No one wants to experience Facebook in VR
Facebook showed off VR selfie sticks at is developer conference last year. Expect even more sophisticated tricks at F8 2017.
In about 24 hours, Mark Zuckerberg will take the stage at Facebook’s annual developer conference, F8. In his many updates about the company he’ll no doubt bring us up to speed on Facebook’s progress in social VR.
You know, social VR? Socializing in virtual reality? You might remember it as that thing where a Zuck gets to pretend he’s a cartoon version of Justin Timberlake and snap photos with virtual selfie sticks.
More generally, social VR involves putting on a headset not unlike Facebook’s own Oculus Rift, connecting to a network, and interacting with other people who could be in the same room or on the other side of the world. You’re all represented by avatars, and you can shape the environment however you want — from the conventional (a virtual café) to the sublime (outer space).
It’s also something that no one ordered or cares about. Social VR will never be a thing.
I know… I see the money being thrown around in the category and the intense interest from Facebook and others. More than $2.3 billion was invested in VR in 2016 alone, up from $700 million in 2015. At F8, Facebook is dedicating no fewer than eight sessions on social VR. There were only two last year — a 300% year-over-year increase.
Mark Zuckerberg talks to his wife, Priscilla Chan, from a VR environment.
Developer interest and financial largesse don’t equal consumer interest, though, and on that standpoint, I just don’t see it. VR has been a real thing people can buy for more than a year, there’s no sense that it’s really taking off. By and large, the questions and concerns around VR have remained the same since the category’s inception. It still has to prove itself, it still needs a killer app, and the equipment is still unwieldy or expensive or both.
That’s probably not going to change in the near term, or even a few years out. And even if it does, social VR still won’t be a thing because it actually goes against everything Facebook represents.
Facebook is now 1.8 billion users strong — it’s fair to say, as the connected population goes, it’s captured the planet. But it didn’t do that by simulating real-world interactions online. It did so by reducing those interactions to their most basic: the poke, the comment, the like.

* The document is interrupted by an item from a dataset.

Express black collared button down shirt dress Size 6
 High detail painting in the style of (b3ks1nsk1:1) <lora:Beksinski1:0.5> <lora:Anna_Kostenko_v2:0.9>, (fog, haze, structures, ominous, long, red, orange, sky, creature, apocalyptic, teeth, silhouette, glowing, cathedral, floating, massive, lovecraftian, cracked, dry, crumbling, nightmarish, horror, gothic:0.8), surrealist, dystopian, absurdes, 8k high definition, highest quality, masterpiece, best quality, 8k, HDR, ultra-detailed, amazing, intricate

Facebook is all about breaking down your "socializing" to its most efficient forms: You can listen to, react, or say something in a conversation, but without all the "how do you dos" or small talk or all the other social lubricants that punctuate real human contact.
Certainly, there’s a case to be made that you lose something by abandoning those frictional social norms. Many have, and they make good points. There’s a certain falseness to Facebook "friends" you never interact with beyond the occasional Like or emoji-filled comment.
But you can’t argue with how efficiently Facebook has pushed us down the social-media funnel, distilling out interactions to the point where we can blaze through a News Feed, reading, watching and reacting to dozens if not hundreds of wholly different updates. You can be dropping hearts on someone’s Star Wars meme on second, frowning at news about missile strikes the next.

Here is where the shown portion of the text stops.